Portugal recebe mais turistas do que nunca, mas será que está a receber os turistas certos? Segundo dados do INE, Portugal recebeu 29 milhões de turistas estrangeiros em 2024, representando um crescimento de 9,3% face ao ano anterior. A verdade é que, segundo a Associação de Hotelaria, Restauração e Similares (AHRESP), apesar do crescimento das receitas no turismo, as margens operacionais na hotelaria continuam muito reduzidas. Isto parece indicar um posicionamento em segmentos menos elevados do mercado turístico.
Embora este posicionamento do turismo em segmentos menos elevados tenha permitido a Portugal consolidar-se como destino turístico, cria pressões desproporcionais sobre infraestruturas face ao retorno económico. A proliferação de pensões, hostels (camaratas) e parques de campismo criou uma concorrência baseada no preço.
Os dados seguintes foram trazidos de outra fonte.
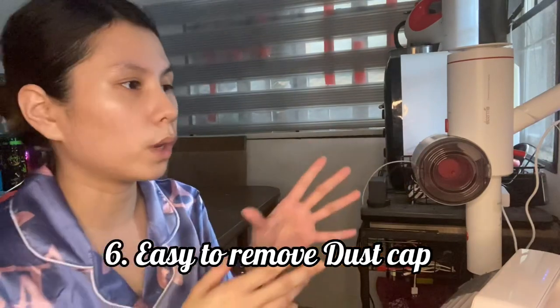It's also super easy to remove the dust cup. Once you remove it, you just tap it over the trash bin — it's super easy to clean, not messy at all. That's really the sign of a good vacuum: it should be easy to use and easy to clean.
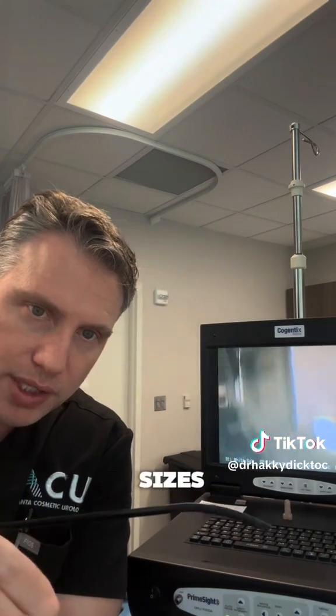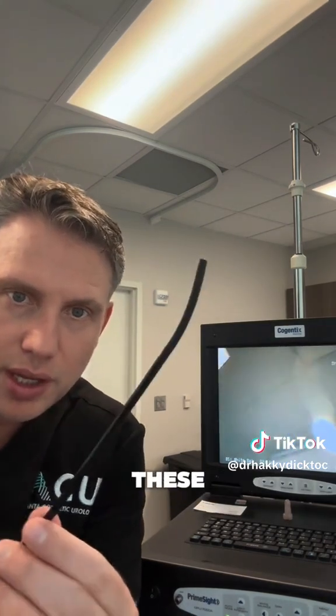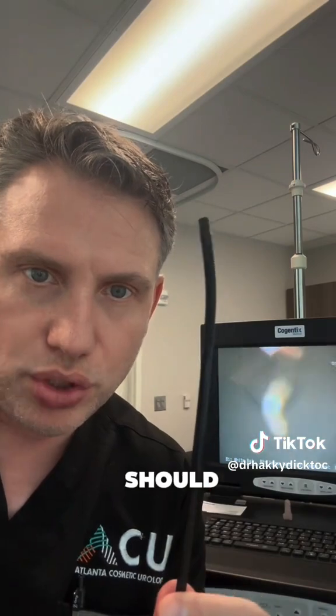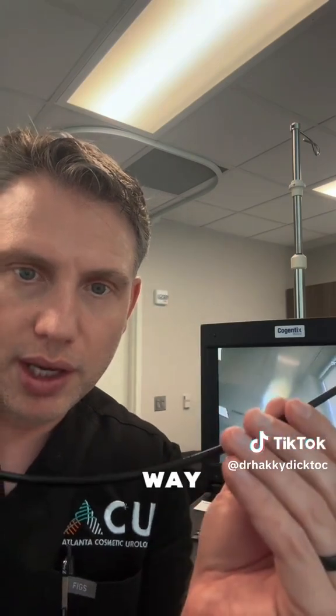These come in different sizes and lengths. The bigger ones are used for colonoscopy. These are the smaller ones — they're about 15 French, which is about the size of a pencil-ish. And you can see my finger here in the camera. It's smaller. This should be able to fit in any standard urethra and it goes all the way into the bladder.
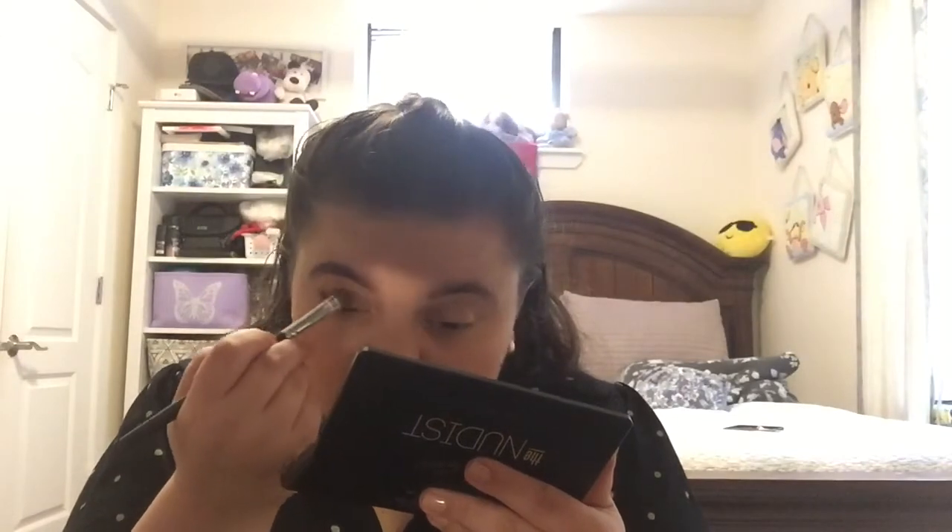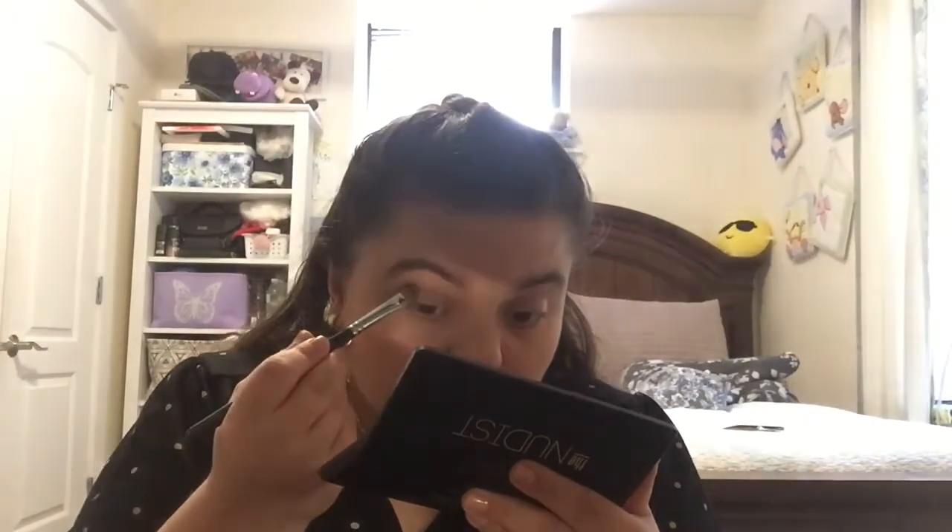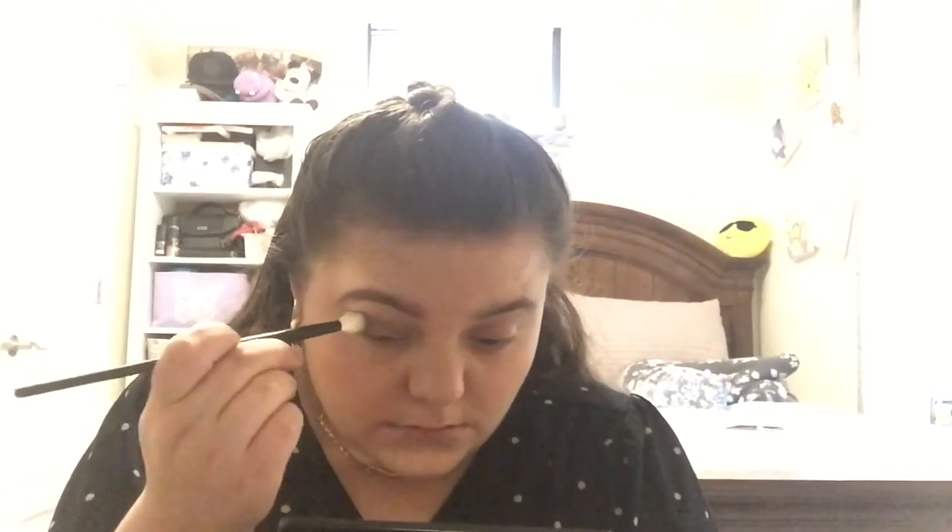I'm gonna use this white-brown shade and place that in there. Then I'm gonna take a clean blending brush and just blend it out. I'm gonna go back with the flat brush and take this tan shade, and put that in the outer corner.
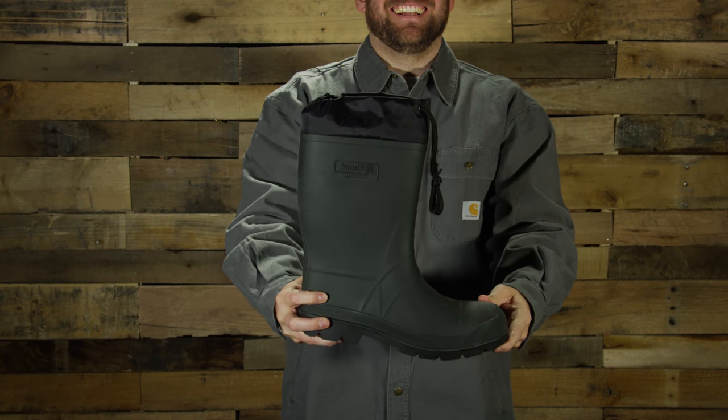The Hunter is available in green or black. Check out the Hunter from Kamek at North40 Outfitters and North40.com.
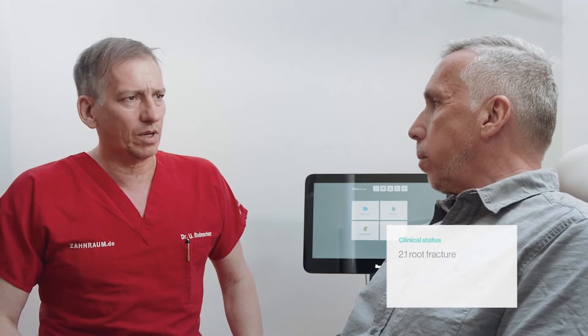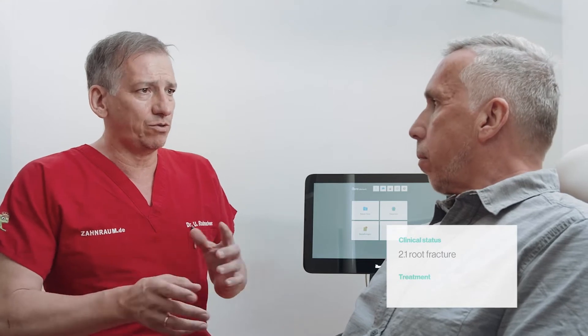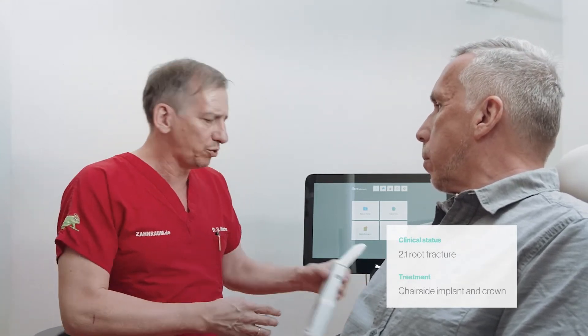This patient came to see Dr. Radmacher because he noticed inflammation around his upper left central incisor. The diagnosis was a root fracture, and the chosen treatment approach was extraction followed by implant and crown placement.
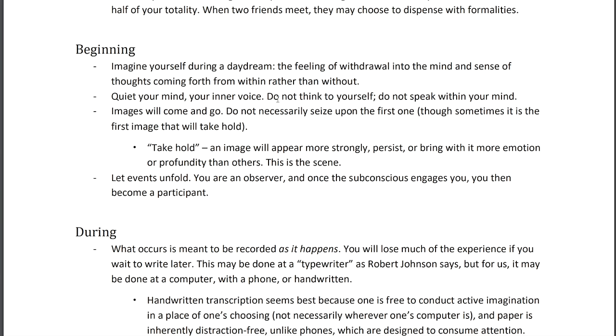Secondly, quiet your mind and your inner voice — meaning don't think to yourself, don't speak within your mind, don't provide inner commentary on things. Rather, just observe. What you're waiting for is what I call the scene. Images will come and go — as I'm showing on screen, it's like two to four images a second will flash through your mind hazily, not in great detail, one after the other.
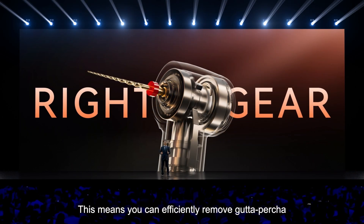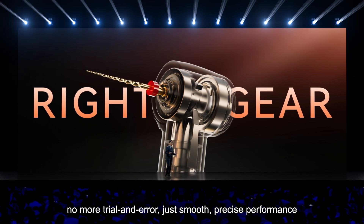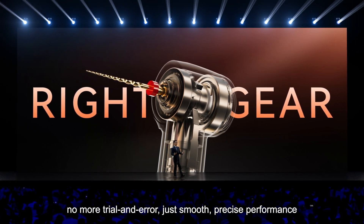This means you can efficiently remove gutta-percha during your treatment. No more trial and error — just smooth, precise performance.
Este tipo de oferta atrai visitantes com baixo poder de compra que, embora possam contribuir para a economia local, exercem pressão sobre as infraestruturas públicas devido ao seu maior número.
Um turista que paga 30€ por noite numa pensão não tem o mesmo impacto económico do que aquele que paga 300€ num hotel de qualidade. O primeiro consome recursos públicos – transportes, limpeza urbana, segurança – sem contribuição proporcional (que agora as autarquias tentam compensar através da taxa turística). O segundo dinamiza restauração, comércio tradicional, serviços culturais e cria emprego qualificado.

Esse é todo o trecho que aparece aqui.